Well-posedness results for a new class of stochastic spatio-temporal SIR-type models driven by proportional pure-jump Lévy noise

This paper provides a first attempt to incorporate the massive discontinuous changes in the spatio-temporal dynamics of epidemics. Namely, we propose an extended class of epidemic models, governed by coupled stochastic semilinear partial differential equations, driven by pure-jump Levy noise.

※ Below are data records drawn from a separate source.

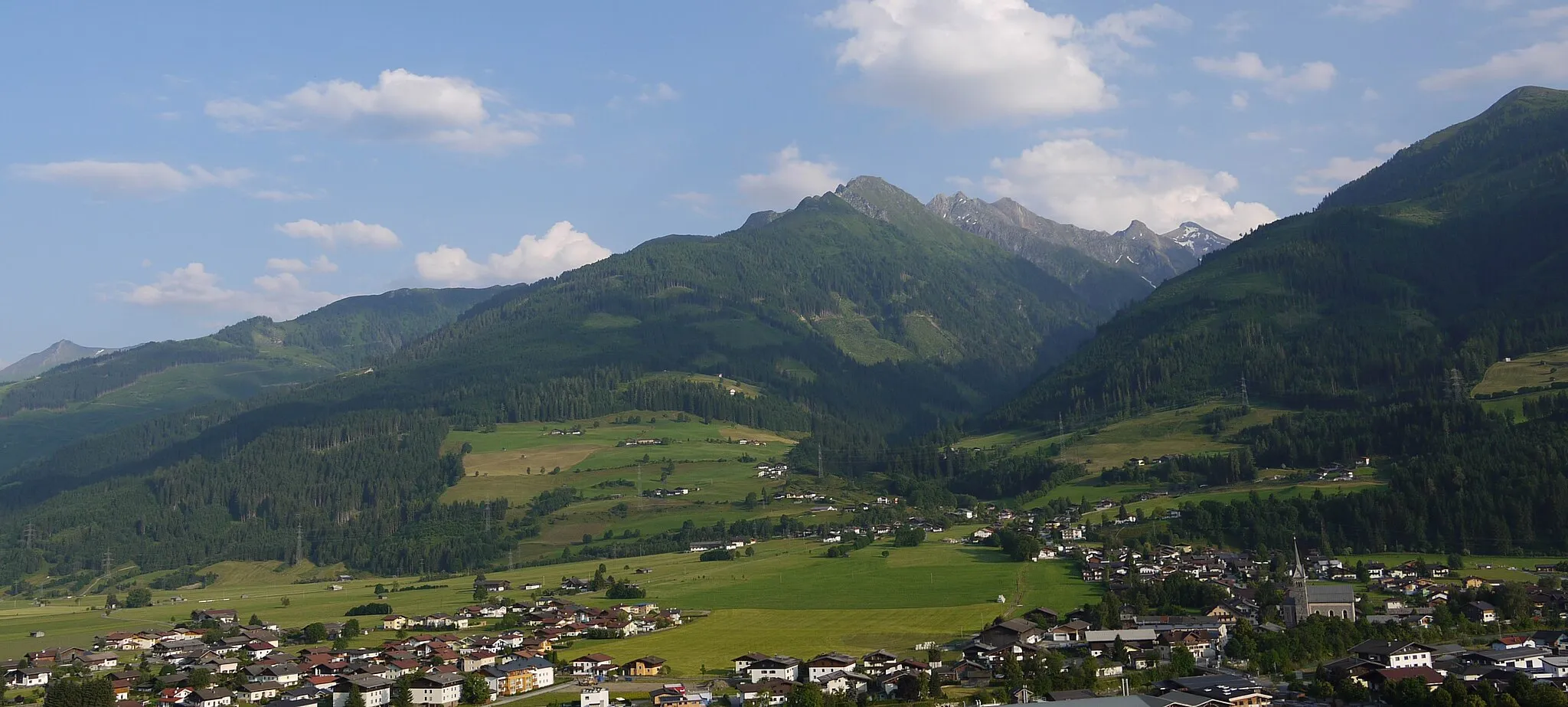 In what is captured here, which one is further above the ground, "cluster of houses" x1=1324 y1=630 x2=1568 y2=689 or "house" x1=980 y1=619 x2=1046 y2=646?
"house" x1=980 y1=619 x2=1046 y2=646

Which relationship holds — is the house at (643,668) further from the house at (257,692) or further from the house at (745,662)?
the house at (257,692)

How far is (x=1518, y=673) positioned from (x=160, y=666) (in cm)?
8894

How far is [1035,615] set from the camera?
100312mm

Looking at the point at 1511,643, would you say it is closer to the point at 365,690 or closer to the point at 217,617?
the point at 365,690

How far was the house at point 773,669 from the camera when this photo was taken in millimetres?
83625

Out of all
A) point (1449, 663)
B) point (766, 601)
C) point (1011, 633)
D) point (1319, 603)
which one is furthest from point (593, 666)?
point (1449, 663)

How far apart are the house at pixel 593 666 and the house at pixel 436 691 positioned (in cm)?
1001

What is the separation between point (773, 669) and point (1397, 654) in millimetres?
37820

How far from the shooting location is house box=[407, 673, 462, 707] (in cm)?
8112

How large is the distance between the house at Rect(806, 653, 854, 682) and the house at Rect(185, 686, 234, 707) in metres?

Based on the considered type of incidence functions, by virtue of semigroup theory, a truncation technique and Banach fixed point theorem, we prove the existence and pathwise uniqueness of mild solutions, depending continuously on the initial datum. Moreover, by means of a regularization technique, based on the resolvent operator, we acquire that mild solutions can be approximated by a suitable converging sequence of strong solutions. With this result at hand, for positive initial states, we derive the almost-sure positiveness of the obtained solutions. Finally, we present the outcome of several numerical simulations, in order to exhibit the effect of the considered type of stochastic noise, in comparison to Gaussian noise, which has been used in the previous literature. Our established results lay the ground-work for investigating other problems associated with the new proposed class of epidemic models, such as asymptotic behavior analyses, optimal control as well as identification problems, which primarily rely on the existence and uniqueness of biologically feasible solutions.